**ASSIGNMENT**.
Print the line that has "this 1270×952 image." in it, then every remaining line of the data, exactly and without anything extra.

[Dataset items]
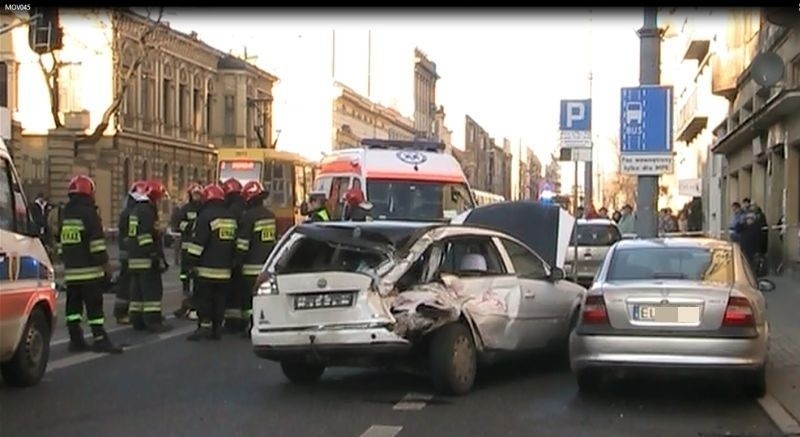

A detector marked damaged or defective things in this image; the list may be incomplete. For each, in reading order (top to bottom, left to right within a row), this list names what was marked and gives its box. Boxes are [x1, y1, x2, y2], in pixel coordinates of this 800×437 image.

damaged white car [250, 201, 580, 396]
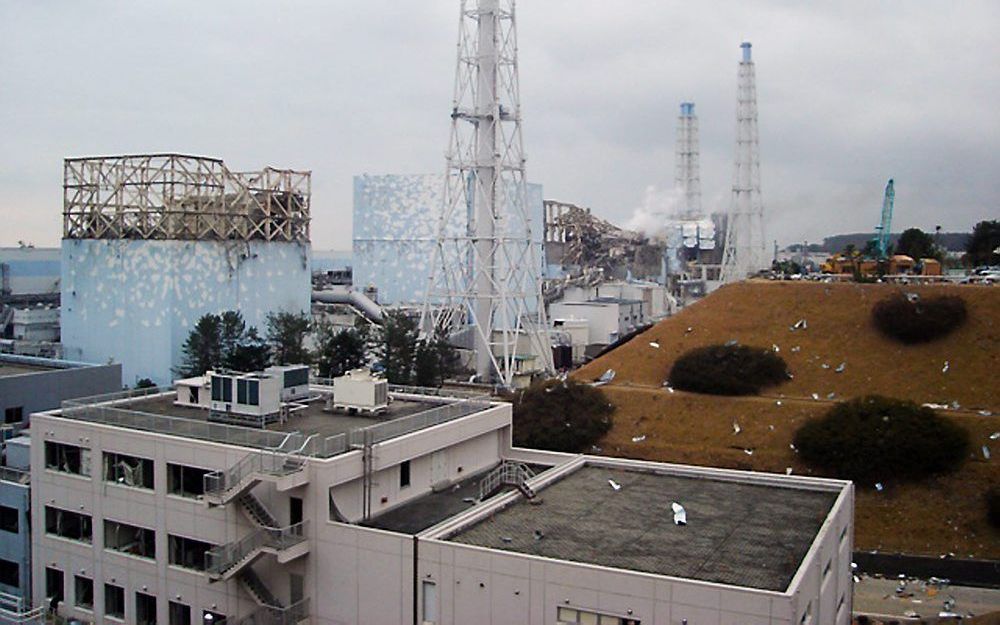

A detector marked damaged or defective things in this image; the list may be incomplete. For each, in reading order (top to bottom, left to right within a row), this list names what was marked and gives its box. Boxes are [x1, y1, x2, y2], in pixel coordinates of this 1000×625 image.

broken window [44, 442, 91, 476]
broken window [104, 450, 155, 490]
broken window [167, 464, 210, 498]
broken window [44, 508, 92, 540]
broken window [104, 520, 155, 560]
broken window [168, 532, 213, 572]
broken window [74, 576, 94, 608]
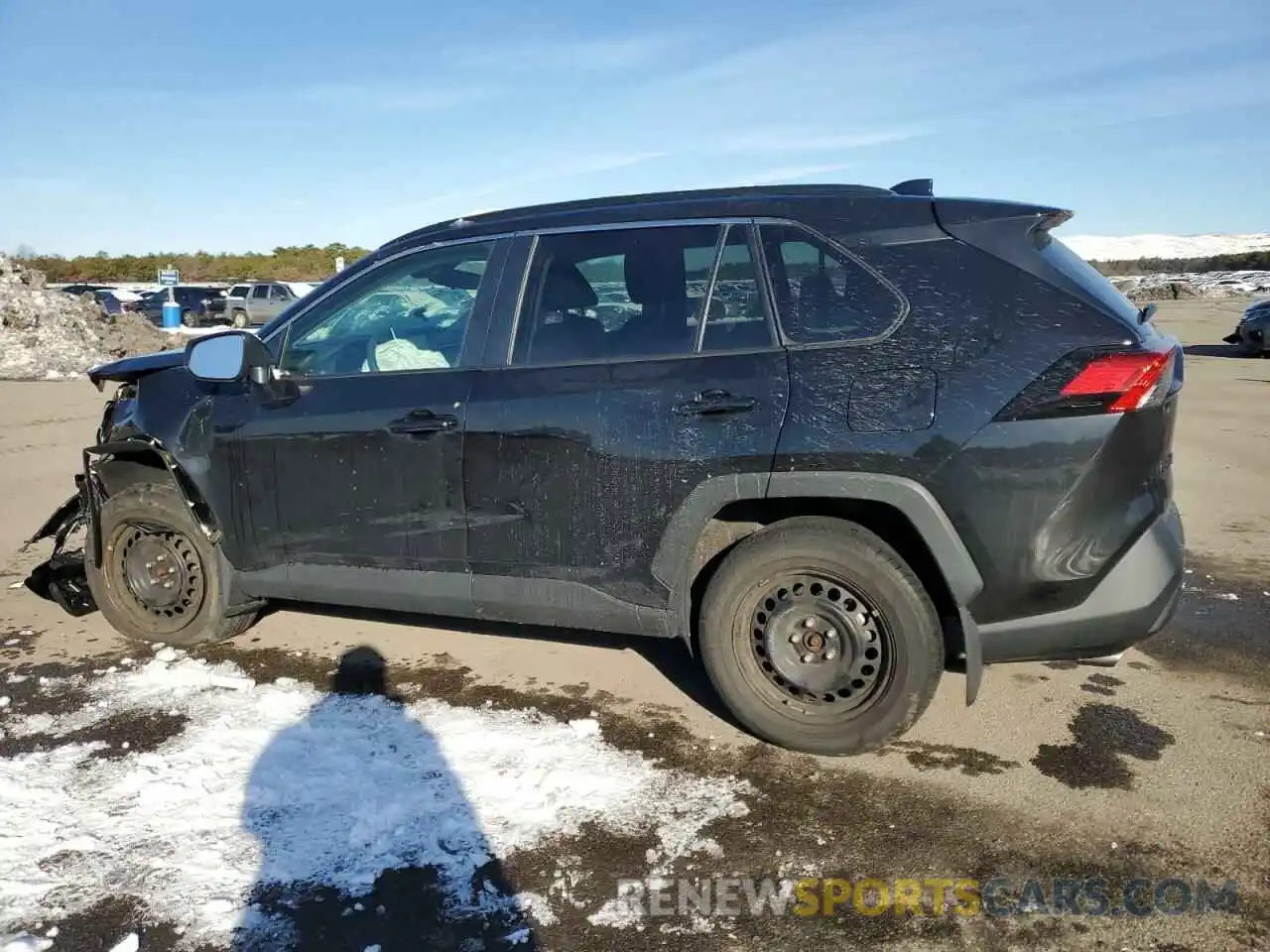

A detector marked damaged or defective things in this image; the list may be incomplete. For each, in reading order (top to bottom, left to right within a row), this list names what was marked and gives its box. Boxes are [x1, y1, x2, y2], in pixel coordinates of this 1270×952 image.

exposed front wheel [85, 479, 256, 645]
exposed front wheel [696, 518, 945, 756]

**ANSWER TO THE PROBLEM**.
A detector marked damaged or defective things in this image; the list may be incomplete. For each, in reading order (top to bottom, left to right within a row), this list names what was marked and gives its box. Boxes are [x1, y1, x2, y2], in pixel coordinates of this 1270×952 image.

exposed front wheel [85, 479, 256, 645]
exposed front wheel [696, 518, 945, 756]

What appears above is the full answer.